- _Dataset excerpts_
──────
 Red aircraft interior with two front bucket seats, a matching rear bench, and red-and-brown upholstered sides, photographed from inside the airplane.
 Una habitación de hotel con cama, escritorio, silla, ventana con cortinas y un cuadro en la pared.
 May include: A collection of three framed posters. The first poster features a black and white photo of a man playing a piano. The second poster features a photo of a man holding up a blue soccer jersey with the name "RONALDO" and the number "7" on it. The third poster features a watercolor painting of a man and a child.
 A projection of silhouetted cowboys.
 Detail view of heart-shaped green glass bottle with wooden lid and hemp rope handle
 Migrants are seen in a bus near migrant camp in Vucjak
──────
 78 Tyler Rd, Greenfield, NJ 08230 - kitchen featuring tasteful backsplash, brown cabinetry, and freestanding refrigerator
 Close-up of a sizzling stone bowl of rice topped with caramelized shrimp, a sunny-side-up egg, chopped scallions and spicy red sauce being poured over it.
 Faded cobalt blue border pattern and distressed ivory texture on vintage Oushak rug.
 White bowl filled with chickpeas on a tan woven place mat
──────
- _What this task involves_
As listed above, the lines from the line with "May include: A" to the line with "Migrants are seen" are to be echoed exactly, with both ends included and nothing added.

- _Solution_
 May include: A collection of three framed posters. The first poster features a black and white photo of a man playing a piano. The second poster features a photo of a man holding up a blue soccer jersey with the name "RONALDO" and the number "7" on it. The third poster features a watercolor painting of a man and a child.
 A projection of silhouetted cowboys.
 Detail view of heart-shaped green glass bottle with wooden lid and hemp rope handle
 Migrants are seen in a bus near migrant camp in Vucjak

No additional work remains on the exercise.